In 1991, former Wall Street Journal reporter Faludi wrote Backlash, a feminist tract that complained "the increasingly reinforced fortress of an antifeminist culture daunted women more than it galvanized them." Now, apparently, Faludi has decided it's men's turn to be victimized by the culture. Faludi quoted from Barton's suicide note, and declared: "More and more, the American community fails to offer its postwar sons and grandsons what it used to offer all men: a chance to ground their manhood on utility, dedication and loyalty, whether as a GI serving a nation and caring for his fellow grunts or as a civilian plying a craft essential to his society. For all the grim aspects of industrial labor and World War II-era sacrifice, men could at least feel they belonged to a meaningful brotherhood and provided a utility beyond mere earning power."

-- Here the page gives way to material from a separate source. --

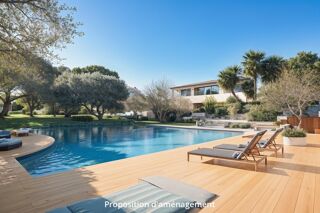  Villa  vendre 8 pices 217 m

She continued: "But the heirs of the GI generation increasingly find themselves stranded in a different world: computerized, consumerized, celebritized. In an ornamental culture where worth is measured by bicep and SUV size, by image and celebrity, men feel severed from fellowship and a tangible craft, valued only for their stock-market portfolios. In that way, Mark Barton was the garish distillation of the modern male predicament -- a Dockers-and-polo-shirted figure seated alone in his suburban home, wired to the Internet so many hours a day that no one else could make a phone call. Meanwhile, his ignored children roamed the streets. Even as men have been freed (thanks largely to the women's movement) to be more involved fathers, their progress is undermined by a sweepstakes culture where only the biggest winner is valued."
Newsweek touted Faludi as author of the forthcoming Stiffed: The Betrayal of the American Man, to be published in September.